Real-time storage tiering for real-world workloads: The ultimate guide

Application servers handle all operations that take place between users and a business’ backend applications. They are therefore mission critical to complex, transaction-based applications. But our data consumption has leapt from where it was several years ago.

Furthermore, many organisations hope to do much more with the data held on their servers; complex analytics for example. But there is a problem. The performance of many of today’s server-based applications is limited, not by a lack of technology, but by the relatively slow input and output (I/O) to disk storage.

A common way to mitigate this limitation and improve performance is to replicate active data from disks to higher-speed memory in a cache in servers and storage area networks (SANs).

This approach certainly can help, but it too has its limitations. Caching primarily accelerates reads, and the size of the cache is normally only a small fraction of the disk capacity available.

This makes it necessary to change the content constantly, heightening the risk that the algorithms employed to determine which content to cache may fail to deliver meaningful performance gains for critical applications.

Advances in technologies have created a new layer, or tier, of storage between cache memory and traditional hard disk drives: the solid-state drive (SSD). SSDs use high-speed flash memory and offer capacities on a par with those of hard disk drives (HDDs).

SSDs can be used either to produce a very large cache, which substantially improves “hit” rates, or to create a very fast and full tier of disk storage. Either way, the gain in performance can be significant for many applications.

The purpose of this article, intended for both business and technical decision-makers, is to describe the use of flash memory in SANs, in general, and how companies, such as Dot Hill Systems, have implemented SSDs in their next-generation SAN.

Storage tiering technology: in theory and in practice

Every application is limited to some extent and, as discussed above, sometimes significantly, by I/O to disk storage. Consider this: accessing data in the server’s memory typically takes just 10 nanoseconds, while accessing data on a hard disk drive takes about 10 milliseconds—a difference of 1,000,000 times or six orders of magnitude.

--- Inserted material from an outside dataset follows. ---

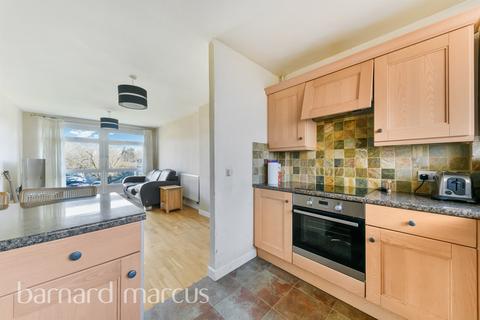 1 bedroom flat for sale, Arnal Crescent, London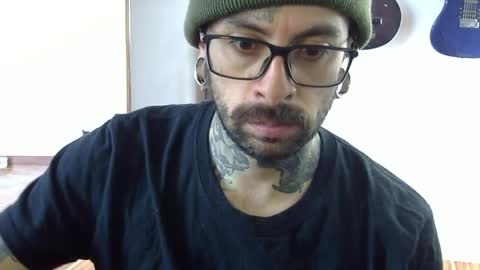     online show from April 9, 6:36 pm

In between is solid state storage using flash memory with an I/O latency of 3 to 5 microseconds, making them 2000 to 3000 times faster than HDDs.

The impact on performance of this large difference varies, depending on the application in question. I/O-intensive applications, especially those accessing information randomly in a database, experience the most adverse impact with HDDs. Read-intensive and computation-intensive applications and, especially those that access information sequentially, on the other hand, are generally the least impacted.

Most other applications fall somewhere in between, with a mix of random and sequential input (reads) from and outputs (writes) to disk storage.

The traditional measure of performance for transaction-oriented workloads is the number of I/Os per second, commonly referred to as IOPS. Over time, certain rules of thumb have evolved to estimate the number of IOPS needed for any given application. An example would be the number of IOPS per mailbox in an email application.

While this approach provides a top line figure, it completely misses the temporal dimension of performance, however, which is how the workload changes over time.

In any point in time, data generating the most I/Os represents the hot data on the server. Consider the case in which transactions generated by server applications are actually being generated by human interaction. This could be when, for instance, a Web server is responding to what is trending on the Internet, or when an email server is processing messages that are being sent and received.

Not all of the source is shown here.